§ Stored data:
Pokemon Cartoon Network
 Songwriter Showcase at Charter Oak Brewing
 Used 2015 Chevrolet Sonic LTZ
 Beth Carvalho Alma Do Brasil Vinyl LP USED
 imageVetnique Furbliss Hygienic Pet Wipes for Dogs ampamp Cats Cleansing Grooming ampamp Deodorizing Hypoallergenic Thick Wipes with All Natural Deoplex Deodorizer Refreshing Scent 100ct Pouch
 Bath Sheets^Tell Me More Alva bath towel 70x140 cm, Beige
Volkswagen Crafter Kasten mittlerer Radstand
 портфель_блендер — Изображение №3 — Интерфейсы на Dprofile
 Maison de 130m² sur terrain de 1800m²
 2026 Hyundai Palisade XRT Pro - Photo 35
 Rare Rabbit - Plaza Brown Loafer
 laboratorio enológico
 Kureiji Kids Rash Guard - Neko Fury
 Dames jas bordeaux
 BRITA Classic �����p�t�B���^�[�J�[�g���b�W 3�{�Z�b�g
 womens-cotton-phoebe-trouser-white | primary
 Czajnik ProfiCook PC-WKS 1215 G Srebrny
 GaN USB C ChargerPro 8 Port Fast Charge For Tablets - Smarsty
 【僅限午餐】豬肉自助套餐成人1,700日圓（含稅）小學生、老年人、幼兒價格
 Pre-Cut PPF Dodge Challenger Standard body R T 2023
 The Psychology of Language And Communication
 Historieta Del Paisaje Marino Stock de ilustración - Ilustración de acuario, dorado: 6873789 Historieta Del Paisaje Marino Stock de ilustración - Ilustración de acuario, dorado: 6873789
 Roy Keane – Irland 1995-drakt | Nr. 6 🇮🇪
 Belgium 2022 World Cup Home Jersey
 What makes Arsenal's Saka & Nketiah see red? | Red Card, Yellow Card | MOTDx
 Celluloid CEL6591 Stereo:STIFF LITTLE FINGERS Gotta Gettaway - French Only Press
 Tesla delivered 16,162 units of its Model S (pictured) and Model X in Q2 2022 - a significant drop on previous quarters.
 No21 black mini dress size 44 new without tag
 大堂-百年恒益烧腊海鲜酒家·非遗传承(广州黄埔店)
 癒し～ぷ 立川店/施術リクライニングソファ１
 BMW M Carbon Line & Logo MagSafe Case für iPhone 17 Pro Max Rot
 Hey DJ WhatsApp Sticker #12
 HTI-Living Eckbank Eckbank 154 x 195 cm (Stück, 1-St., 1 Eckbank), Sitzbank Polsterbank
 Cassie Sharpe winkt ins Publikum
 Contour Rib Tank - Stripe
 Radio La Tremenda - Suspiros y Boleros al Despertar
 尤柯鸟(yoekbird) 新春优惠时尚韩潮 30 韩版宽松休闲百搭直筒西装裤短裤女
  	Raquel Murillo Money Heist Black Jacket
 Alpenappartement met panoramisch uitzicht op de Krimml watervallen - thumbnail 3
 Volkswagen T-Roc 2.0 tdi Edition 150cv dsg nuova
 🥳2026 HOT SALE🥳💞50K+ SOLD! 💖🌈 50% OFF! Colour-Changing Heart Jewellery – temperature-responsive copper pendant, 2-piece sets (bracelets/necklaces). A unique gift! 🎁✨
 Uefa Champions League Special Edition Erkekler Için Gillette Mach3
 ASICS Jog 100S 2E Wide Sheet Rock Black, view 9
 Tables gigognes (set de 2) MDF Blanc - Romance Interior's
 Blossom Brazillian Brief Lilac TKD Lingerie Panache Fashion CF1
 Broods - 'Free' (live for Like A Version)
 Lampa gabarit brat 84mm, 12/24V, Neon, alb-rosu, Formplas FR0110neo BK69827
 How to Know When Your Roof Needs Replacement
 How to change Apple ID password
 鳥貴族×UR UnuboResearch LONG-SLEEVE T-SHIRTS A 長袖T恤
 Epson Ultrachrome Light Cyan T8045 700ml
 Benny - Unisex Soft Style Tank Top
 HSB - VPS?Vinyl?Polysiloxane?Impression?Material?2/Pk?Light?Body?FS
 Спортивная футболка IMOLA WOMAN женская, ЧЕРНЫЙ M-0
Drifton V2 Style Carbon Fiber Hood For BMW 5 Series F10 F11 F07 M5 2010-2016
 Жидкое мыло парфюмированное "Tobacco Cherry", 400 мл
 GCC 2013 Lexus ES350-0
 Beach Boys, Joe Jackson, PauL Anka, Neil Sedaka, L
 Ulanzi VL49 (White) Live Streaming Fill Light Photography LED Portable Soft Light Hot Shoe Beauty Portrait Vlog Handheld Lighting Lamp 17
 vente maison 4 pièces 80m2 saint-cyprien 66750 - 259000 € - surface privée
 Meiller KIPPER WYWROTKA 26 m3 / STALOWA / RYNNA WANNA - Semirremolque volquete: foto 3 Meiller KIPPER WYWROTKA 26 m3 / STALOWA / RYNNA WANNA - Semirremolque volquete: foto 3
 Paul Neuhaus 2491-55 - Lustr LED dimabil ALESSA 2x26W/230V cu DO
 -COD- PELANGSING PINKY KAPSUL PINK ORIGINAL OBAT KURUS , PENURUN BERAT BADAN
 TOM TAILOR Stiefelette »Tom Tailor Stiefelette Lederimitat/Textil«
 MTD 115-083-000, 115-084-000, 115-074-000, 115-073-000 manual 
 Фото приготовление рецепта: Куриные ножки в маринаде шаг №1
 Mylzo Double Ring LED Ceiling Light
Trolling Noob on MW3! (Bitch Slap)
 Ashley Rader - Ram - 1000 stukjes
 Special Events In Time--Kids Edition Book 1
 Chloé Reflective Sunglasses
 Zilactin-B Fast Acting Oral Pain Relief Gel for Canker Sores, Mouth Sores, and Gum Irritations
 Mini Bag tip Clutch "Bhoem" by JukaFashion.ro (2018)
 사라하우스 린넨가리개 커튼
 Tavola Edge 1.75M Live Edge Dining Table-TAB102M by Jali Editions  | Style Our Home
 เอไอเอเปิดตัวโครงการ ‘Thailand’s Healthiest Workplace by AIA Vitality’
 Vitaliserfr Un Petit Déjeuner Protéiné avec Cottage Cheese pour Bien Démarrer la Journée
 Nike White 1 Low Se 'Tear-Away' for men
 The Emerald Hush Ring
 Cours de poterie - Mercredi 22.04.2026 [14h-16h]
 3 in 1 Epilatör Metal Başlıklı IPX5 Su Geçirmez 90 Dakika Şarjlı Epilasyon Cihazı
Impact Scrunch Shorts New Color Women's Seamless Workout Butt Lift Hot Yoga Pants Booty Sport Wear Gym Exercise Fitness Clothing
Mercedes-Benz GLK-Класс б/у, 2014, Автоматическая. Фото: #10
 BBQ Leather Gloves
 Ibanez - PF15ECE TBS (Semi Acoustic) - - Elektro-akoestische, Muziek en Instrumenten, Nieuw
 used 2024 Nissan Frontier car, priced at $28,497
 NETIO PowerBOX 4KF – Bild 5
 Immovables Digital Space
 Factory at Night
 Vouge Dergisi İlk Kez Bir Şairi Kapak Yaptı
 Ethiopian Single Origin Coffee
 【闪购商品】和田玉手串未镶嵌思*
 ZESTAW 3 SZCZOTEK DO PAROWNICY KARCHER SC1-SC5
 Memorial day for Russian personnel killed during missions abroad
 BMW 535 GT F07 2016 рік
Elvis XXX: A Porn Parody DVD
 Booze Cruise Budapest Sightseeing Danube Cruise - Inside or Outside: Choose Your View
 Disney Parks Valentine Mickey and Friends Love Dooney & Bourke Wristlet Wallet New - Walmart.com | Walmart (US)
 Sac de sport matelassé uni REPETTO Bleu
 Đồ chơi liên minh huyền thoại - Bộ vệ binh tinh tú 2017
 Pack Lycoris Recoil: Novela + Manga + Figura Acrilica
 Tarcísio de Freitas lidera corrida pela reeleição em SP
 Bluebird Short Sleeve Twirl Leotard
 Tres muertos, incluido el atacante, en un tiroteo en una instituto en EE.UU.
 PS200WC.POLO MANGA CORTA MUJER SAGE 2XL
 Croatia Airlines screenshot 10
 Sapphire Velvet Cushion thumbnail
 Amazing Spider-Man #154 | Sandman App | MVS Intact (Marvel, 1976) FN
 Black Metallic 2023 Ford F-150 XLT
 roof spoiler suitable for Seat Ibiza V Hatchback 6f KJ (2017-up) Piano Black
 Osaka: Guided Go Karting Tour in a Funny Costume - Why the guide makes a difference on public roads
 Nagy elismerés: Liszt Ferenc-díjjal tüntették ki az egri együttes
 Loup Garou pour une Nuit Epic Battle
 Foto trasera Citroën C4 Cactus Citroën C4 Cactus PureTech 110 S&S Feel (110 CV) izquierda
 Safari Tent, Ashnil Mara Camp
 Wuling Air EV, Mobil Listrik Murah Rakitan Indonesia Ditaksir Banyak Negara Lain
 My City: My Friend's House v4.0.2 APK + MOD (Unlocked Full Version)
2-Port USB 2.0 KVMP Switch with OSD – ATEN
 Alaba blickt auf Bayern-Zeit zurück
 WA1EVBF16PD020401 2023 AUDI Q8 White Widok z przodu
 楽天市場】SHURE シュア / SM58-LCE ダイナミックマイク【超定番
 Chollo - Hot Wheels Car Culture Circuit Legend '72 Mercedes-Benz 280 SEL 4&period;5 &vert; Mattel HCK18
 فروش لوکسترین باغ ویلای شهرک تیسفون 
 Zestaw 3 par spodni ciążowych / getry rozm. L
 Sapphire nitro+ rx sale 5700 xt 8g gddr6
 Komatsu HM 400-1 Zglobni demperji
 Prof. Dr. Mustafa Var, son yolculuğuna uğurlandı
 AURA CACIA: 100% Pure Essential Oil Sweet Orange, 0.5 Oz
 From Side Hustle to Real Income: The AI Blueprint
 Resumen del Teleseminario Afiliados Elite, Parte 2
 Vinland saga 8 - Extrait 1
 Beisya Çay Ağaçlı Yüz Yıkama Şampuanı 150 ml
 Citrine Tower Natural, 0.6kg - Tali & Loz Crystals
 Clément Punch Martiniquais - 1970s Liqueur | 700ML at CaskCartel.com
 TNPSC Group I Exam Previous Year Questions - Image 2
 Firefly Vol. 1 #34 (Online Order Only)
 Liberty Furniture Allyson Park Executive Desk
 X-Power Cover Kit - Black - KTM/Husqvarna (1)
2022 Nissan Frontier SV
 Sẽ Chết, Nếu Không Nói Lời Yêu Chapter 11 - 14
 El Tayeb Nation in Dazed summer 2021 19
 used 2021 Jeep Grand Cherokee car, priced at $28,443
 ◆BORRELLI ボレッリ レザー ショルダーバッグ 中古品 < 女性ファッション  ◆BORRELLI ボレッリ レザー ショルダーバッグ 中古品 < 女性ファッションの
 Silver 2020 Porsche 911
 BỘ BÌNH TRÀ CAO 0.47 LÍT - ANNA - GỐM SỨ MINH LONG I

§ Goal of the exercise: For this task, copy exactly the line with "Clément Punch Martiniquais" and the lines that come after it, stopping at the end of the material above.

§ Answer box:
 Clément Punch Martiniquais - 1970s Liqueur | 700ML at CaskCartel.com
 TNPSC Group I Exam Previous Year Questions - Image 2
 Firefly Vol. 1 #34 (Online Order Only)
 Liberty Furniture Allyson Park Executive Desk
 X-Power Cover Kit - Black - KTM/Husqvarna (1)
2022 Nissan Frontier SV
 Sẽ Chết, Nếu Không Nói Lời Yêu Chapter 11 - 14
 El Tayeb Nation in Dazed summer 2021 19
 used 2021 Jeep Grand Cherokee car, priced at $28,443
 ◆BORRELLI ボレッリ レザー ショルダーバッグ 中古品 < 女性ファッション  ◆BORRELLI ボレッリ レザー ショルダーバッグ 中古品 < 女性ファッションの
 Silver 2020 Porsche 911
 BỘ BÌNH TRÀ CAO 0.47 LÍT - ANNA - GỐM SỨ MINH LONG I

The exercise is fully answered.